▶ [Instructions for the task] Retype exactly the lines that run from the line with "Sobrado à venda" to the final line of the entries, keeping both ends and nothing else.

(Data records)

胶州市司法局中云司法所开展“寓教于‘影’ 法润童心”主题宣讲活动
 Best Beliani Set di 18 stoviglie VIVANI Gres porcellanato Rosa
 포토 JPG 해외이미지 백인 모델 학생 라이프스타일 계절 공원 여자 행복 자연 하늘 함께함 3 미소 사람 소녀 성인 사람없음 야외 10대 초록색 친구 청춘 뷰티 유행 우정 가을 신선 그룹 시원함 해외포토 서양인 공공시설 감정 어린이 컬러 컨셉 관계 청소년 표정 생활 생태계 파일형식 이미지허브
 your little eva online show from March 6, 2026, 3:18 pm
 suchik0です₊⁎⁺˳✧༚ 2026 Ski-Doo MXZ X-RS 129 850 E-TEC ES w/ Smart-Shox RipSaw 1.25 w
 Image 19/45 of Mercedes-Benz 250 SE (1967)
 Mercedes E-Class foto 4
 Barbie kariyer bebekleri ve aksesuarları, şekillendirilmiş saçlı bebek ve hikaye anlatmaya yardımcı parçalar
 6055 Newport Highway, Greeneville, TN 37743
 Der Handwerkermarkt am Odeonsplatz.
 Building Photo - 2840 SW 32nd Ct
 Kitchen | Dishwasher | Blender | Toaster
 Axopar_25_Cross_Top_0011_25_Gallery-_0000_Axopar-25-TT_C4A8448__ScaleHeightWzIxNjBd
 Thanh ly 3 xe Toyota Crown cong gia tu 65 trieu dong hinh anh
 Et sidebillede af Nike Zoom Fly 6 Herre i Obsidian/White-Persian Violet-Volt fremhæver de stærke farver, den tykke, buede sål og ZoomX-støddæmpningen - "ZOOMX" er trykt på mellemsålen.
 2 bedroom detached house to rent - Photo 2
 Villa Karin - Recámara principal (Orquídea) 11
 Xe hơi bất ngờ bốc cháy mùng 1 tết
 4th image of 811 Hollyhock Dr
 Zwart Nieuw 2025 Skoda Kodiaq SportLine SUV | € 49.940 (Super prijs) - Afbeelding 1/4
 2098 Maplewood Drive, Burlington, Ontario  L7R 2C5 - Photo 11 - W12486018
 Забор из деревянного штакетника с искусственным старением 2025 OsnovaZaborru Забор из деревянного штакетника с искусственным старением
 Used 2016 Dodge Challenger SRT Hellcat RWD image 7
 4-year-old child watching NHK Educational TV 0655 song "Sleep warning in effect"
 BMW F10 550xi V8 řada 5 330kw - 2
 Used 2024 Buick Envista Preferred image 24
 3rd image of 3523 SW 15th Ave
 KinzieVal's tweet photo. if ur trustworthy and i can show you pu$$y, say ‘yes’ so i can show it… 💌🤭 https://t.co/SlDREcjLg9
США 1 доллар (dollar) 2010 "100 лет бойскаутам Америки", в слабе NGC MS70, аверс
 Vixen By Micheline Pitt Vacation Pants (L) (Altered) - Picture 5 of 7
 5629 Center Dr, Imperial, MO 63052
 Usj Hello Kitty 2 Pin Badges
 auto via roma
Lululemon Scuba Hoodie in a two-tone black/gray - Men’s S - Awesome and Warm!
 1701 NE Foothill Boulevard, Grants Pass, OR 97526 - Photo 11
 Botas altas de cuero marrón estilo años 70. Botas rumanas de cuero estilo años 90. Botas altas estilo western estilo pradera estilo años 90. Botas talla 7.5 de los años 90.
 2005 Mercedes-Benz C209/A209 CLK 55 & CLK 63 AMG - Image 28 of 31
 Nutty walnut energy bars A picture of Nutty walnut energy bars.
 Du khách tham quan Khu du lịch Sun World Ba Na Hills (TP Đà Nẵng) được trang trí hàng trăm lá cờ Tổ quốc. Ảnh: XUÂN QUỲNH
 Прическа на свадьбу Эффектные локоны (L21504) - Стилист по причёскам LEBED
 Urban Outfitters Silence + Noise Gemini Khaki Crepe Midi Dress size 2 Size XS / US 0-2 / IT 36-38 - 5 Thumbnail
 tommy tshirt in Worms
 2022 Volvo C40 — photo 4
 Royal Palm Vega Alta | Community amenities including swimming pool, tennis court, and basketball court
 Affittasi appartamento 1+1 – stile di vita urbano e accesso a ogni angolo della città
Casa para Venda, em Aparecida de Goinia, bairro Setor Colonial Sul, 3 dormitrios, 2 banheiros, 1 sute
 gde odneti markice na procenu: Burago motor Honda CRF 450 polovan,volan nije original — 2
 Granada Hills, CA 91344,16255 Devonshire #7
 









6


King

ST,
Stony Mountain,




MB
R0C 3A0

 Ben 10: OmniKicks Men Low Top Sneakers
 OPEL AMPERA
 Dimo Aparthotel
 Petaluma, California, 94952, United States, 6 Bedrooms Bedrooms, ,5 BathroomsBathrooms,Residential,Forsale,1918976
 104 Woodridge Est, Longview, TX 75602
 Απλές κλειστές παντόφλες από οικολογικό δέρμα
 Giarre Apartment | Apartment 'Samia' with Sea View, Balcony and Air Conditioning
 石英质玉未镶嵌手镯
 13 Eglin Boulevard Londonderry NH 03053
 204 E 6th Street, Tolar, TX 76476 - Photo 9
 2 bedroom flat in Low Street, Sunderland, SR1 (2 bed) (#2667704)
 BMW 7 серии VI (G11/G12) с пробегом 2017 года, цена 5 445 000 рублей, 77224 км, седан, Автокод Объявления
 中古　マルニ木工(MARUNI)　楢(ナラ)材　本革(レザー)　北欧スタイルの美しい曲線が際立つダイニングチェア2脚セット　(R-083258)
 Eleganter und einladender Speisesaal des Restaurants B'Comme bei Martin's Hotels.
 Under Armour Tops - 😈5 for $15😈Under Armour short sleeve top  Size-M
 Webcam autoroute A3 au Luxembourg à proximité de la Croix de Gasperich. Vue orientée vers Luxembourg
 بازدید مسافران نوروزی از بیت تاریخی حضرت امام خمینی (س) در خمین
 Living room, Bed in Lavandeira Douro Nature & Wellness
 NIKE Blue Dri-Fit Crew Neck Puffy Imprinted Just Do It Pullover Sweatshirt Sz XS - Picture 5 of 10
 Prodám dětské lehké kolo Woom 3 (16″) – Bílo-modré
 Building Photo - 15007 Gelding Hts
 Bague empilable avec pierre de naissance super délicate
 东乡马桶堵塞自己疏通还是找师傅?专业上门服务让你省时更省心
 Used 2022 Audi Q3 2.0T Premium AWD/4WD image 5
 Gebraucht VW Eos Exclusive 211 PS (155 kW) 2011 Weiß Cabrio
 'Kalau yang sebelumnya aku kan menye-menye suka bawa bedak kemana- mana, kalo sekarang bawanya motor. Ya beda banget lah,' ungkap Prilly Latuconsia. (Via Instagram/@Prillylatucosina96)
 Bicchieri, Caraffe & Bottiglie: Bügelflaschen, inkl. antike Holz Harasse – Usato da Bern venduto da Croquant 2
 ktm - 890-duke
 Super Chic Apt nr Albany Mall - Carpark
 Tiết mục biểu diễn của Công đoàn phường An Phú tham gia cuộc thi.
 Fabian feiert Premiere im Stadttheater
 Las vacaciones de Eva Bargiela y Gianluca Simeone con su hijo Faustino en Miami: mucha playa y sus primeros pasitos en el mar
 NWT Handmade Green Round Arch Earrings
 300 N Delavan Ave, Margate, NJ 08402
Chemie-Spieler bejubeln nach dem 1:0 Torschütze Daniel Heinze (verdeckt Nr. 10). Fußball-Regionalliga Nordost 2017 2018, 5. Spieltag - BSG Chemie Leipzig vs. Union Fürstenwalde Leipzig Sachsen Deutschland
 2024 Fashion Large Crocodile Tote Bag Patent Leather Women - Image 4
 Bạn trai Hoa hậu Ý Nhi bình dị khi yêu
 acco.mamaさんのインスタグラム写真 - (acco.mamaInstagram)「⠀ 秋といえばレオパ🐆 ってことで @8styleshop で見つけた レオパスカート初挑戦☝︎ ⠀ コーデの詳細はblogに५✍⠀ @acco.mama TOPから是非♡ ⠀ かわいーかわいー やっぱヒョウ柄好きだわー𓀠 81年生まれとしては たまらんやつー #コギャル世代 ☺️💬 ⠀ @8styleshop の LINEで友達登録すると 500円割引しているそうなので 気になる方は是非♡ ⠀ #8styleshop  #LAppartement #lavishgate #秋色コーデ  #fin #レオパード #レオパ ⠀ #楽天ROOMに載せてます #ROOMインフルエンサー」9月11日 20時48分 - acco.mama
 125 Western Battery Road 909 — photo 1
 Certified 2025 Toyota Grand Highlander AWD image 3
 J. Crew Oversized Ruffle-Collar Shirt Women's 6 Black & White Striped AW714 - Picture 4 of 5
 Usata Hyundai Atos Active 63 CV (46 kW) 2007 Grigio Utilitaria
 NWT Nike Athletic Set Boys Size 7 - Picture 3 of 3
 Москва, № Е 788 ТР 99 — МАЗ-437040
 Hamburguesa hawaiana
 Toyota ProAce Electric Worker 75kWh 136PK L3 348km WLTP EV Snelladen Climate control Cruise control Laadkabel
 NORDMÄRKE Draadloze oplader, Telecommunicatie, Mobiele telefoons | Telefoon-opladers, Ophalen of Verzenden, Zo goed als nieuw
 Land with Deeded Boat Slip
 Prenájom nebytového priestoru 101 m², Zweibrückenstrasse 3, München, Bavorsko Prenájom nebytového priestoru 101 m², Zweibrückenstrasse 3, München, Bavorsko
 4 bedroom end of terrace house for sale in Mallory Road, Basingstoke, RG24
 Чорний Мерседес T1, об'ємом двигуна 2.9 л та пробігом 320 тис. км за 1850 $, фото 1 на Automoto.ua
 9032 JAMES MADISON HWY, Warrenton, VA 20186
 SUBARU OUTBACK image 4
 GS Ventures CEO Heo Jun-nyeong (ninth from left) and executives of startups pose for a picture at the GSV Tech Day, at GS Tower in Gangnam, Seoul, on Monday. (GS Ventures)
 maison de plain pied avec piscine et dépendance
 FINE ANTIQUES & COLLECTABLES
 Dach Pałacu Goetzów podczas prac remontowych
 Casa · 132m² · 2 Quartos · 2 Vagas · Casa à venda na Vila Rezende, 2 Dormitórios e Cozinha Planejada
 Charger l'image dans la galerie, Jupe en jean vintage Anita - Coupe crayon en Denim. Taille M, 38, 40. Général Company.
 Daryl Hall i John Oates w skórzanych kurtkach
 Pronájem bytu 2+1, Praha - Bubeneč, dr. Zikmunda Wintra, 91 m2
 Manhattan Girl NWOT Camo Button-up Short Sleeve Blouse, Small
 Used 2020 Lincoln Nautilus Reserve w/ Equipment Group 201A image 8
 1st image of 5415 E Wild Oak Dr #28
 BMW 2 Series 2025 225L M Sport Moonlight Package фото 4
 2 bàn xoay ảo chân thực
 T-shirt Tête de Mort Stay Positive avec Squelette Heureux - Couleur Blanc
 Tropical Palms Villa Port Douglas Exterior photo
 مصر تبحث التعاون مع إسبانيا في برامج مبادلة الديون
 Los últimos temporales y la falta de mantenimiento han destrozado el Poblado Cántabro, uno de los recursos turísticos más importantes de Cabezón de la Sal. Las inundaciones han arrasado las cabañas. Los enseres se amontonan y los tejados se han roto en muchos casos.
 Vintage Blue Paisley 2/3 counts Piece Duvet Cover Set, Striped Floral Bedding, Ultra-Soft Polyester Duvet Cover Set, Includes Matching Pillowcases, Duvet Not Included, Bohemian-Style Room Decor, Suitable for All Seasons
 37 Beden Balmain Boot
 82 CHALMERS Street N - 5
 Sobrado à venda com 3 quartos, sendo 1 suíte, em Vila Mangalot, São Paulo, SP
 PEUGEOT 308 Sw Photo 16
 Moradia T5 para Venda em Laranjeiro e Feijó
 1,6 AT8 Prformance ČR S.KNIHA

(End Data records)

▶ [Task answer]
 Sobrado à venda com 3 quartos, sendo 1 suíte, em Vila Mangalot, São Paulo, SP
 PEUGEOT 308 Sw Photo 16
 Moradia T5 para Venda em Laranjeiro e Feijó
 1,6 AT8 Prformance ČR S.KNIHA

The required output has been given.